9. Turning to the application for permission to proceed with the petition as a derivative action and without deciding whether in fact permission to institute a derivative action should be granted to the petitioner, one of the considerations that court takes into account in granting permission under 241 of the Companies Act, is whether the acts complained of may be authorised by the company if they are yet to take place or whether they can be ratified by the Company if they have taken place. The authorization and ratification is an act of the Company at a General Meeting. According to the petitioner, the last Annual General Meeting was held in 2016 while the 1st respondent depones that her attempts to convene General Meetings in 2015 and 2015 have been thwarted as they have degenerated into shouting matches between family members. What is clear to me is that the matter complained of concern the management of the Company, it key asset and income therefrom which are matters I am satisfied can be resolved in a properly conducted General Meeting.

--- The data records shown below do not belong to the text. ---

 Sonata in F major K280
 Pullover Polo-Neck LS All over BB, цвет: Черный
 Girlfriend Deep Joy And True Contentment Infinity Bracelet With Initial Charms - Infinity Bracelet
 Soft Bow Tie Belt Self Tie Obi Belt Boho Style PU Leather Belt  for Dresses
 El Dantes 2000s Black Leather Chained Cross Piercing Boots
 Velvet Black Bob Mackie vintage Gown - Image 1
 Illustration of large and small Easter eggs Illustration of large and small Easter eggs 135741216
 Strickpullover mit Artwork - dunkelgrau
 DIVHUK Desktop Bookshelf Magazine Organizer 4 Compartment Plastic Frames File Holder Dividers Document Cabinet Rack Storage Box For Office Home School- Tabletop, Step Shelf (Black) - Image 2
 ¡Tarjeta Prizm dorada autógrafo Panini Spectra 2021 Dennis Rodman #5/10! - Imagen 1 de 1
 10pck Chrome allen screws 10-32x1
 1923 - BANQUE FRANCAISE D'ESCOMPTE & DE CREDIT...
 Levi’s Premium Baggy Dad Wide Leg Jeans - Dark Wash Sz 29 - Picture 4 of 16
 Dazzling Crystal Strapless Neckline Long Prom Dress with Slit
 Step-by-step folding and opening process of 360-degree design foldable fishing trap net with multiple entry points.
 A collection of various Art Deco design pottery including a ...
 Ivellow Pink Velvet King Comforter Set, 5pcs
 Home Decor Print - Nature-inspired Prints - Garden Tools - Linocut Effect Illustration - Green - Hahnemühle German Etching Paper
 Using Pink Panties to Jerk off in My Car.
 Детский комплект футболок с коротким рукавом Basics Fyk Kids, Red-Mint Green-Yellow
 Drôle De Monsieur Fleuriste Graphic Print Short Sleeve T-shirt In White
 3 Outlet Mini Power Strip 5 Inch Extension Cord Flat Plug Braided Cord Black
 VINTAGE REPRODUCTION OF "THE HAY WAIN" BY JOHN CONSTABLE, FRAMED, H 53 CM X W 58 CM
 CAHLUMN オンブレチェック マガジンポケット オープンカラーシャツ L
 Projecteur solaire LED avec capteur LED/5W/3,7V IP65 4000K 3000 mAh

10. It is common ground that a General Meeting is required to unlock the disputes in the management of the Company. In prayer (f) of the petition, the petitioner seeks an order that the court direct that a General Meeting be held. The respondents have also proposed a General Meeting be held in their respective written submissions. The point departure is what should be on the agenda of the meeting. In the circumstances, I propose to invoke the powers of the court under section 280 of the Companies Act which empowers the court to convene a General Meeting as follows:
280. (1) This section applies if for any reason it is impracticable –
(a) to convene a meeting of the company in any manner in which meetings of that company may be convened; or
(b) to conduct the meeting in the manner required by the articles of the Company or this Act.
(2) the court may, either on its own initiative or on the application: -
(a) of a director of the company; or
(b) of a member of the company who would be entitled to vote at the meeting, make an order requiring a meeting to be convened, held and conducted in any manner that court considers appropriate.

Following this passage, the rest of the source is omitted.